“What I think is indisputable is that I signified a shift in power. Just my mere presence worried folks, in some cases explicitly, in some cases subconsciously,” Obama said. “And then there were folks around to exploit that and tap into that. If a Fox News talking head asks, when Michelle and I dap, give each other a fist bump, ‘Is that a terrorist fist bump?,’ that’s not a particularly subtle reference. If there’s a sign in opposition to the ACA in which I’m dressed as an African witch doctor with a bone through my nose, that’s not a hard thing to interpret.”…

The threats to American democracy—and to the broader cause of freedom—are many, he said. He was withering on the subject of Donald Trump, but acknowledged that Trump himself is not the root of the issue. “I’m not surprised that somebody like Trump could get traction in our political life,” he said. “He’s a symptom as much as an accelerant. But if we were going to have a right-wing populist in this country, I would have expected somebody a little more appealing.”

Trump, Obama noted, is not exactly an exemplar of traditional American manhood. “I think about the classic male hero in American culture when you and I were growing up: the John Waynes, the Gary Coopers, the Jimmy Stewarts, the Clint Eastwoods, for that matter.
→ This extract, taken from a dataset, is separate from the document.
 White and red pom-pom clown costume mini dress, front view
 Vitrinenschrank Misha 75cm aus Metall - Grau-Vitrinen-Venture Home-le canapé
There was a code … the code of masculinity that I grew up with that harkens back to the ’30s and ’40s and before that. There’s a notion that a man is true to his word, that he takes responsibility, that he doesn’t complain, that he isn’t a bully—in fact he defends the vulnerable against bullies. And so even if you are someone who is annoyed by wokeness and political correctness and wants men to be men again and is tired about everyone complaining about the patriarchy, I thought that the model wouldn’t be Richie Rich—the complaining, lying, doesn’t-take-responsibility-for-anything type of figure.”